Yvette Alde, Hélène Jousse, Anne Limbour

Naturellement magiciennes

Elles sont artistes, elles sont femmes, elles sont magiciennes.

Trois noms, trois vies, trois œuvres dont il nous revient d’écrire qu’elles se complètent et s’accordent. Pour la première, Yvette Alde (ici joue l’ordre alphabétique), l’affaire est connue depuis longtemps : née en 1911, et formée à l’art moderne dans l’atelier d’André Lhote, elle s’affirma très vite comme une élève naturellement douée, à l’esprit poétique. À quel moment prit-elle son envol? En 1932, lorsqu’elle participa à son premier Salon d’Automne ? Plus tard, quand elle réalisa de longues fresques, notamment pour la cathédrale de Kabgayi dans l’ex-Congo belge ? Plus tard encore, quand elle fit entrer ses toiles dans les musées, à Cognac, Djakarta, Elath, Grenoble, Paris, Toulouse, Tel-Aviv, San Francisco ? Chose sûre, son travail a compté. « Dans ses compositions, elle mêle souvent le rêve, l’imaginaire, à la réalité », résume le Dictionnaire Bénézit. On s’étonne que pas un mot ne soit glissé sur la marque qui fut régulièrement la sienne : l’emploi de pâtes généreuses, colorées, virevoltantes, capables de la mener aux confins d’une certaine abstraction… Cependant, son idée de la peinture la retenait; d’une touche classique, elle revenait à la ligne, mais sans rien dissiper du trouble qu’elle avait suscité. Jeu subtil, en somme, magnifié par un joli nom : la magie. Jusqu’à sa disparition prématurée, en 1967, Yvette Alde fut une formidable magicienne.

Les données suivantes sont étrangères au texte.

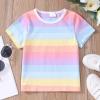 AIMAOMI Kids Toddler Baby Boy Girls Stripe Print Short Sleeve T Shirt Tops Clothes Girls Athletic T (Pink, 3-4 Years) view 3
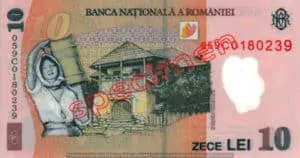 Billet 10 Lei Roumanie RON verso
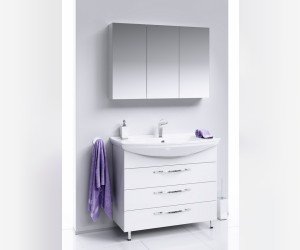 Напольная тумба с тремя ящиками с умывальником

Et nos hôtes, Hélène Jousse, Anne Limbour, si imprévisibles, si vivantes? Des magiciennes, elles aussi? Oui, assurément, puisqu’elles raniment la belle invitation de Jean Cocteau : « À l’impossible je suis tenu. » Ainsi d’Hélène Jousse, artiste née en 1964, et née à la sculpture dans le milieu des années quatre-vingt. De cette époque, la critique garde le souvenir de corps souples et vibrants aux muscles de bronze : traduction habile dans laquelle d’aucuns pouvaient lire une vague filiation avec les formes épurées d’Alberto Giacometti… Puis, de rêve en rêve, et de plâtre en plâtre, témoins d’une lente maturation, naquirent ces sculptures inattendues que le Centre Cristel Éditeur d’Art est aujourd’hui heureux de mettre en lumière : selon l’expression même d’Hélène Jousse, des « visages-rubans ». Des œuvres fines, hautes, élevées, fluides, qu’un des maîtres de l’art contemporain, le Néerlandais Mark Brusse, admira aussitôt sans réserve. Leur secret? Des yeux qui ne voient pas, des lèvres qui ne remuent pas — et, pourtant, cette sensation envoûtante d’une indiscutable présence…

Magicienne… Pour ce don rare, si puissant, si précieux, peut-être Anne Limbour devrait-elle réclamer une place de choix. Cette plasticienne bretonne, née à Fougères en 1971, n’est-elle pas l’auteur d’un monde totalement inventé, totalement onirique ? En peu de mots, des poissons, quelquefois des hippocampes et des méduses issus, non point des grands fonds, mais du ciel et de l’air! On croit du reste entendre une autre tirade de Cocteau : « La source désapprouve presque toujours l’itinéraire du fleuve »… Manière de dire, évidemment, qu’il fallait une mystérieuse liberté, et une inépuisable féerie, pour transformer sa quête primitive — des plumes d’oiseaux, des rémiges — en invraisemblables essaims de poissons. Maîtrise d’orfèvre, donc, où le ciseau qui découpe et la main qui dispose, ne sont que les instruments d’une re-création singulièrement spirituelle. On pense, par association, à ces merveilleuses novatrices, désormais muséales, qu’ont été et demeurent Line Vautrin, Simone Pheulpin, Bernadette Chéné, Jagoda Buic, Olga de Amaral… Anne Limbour est de leur sang.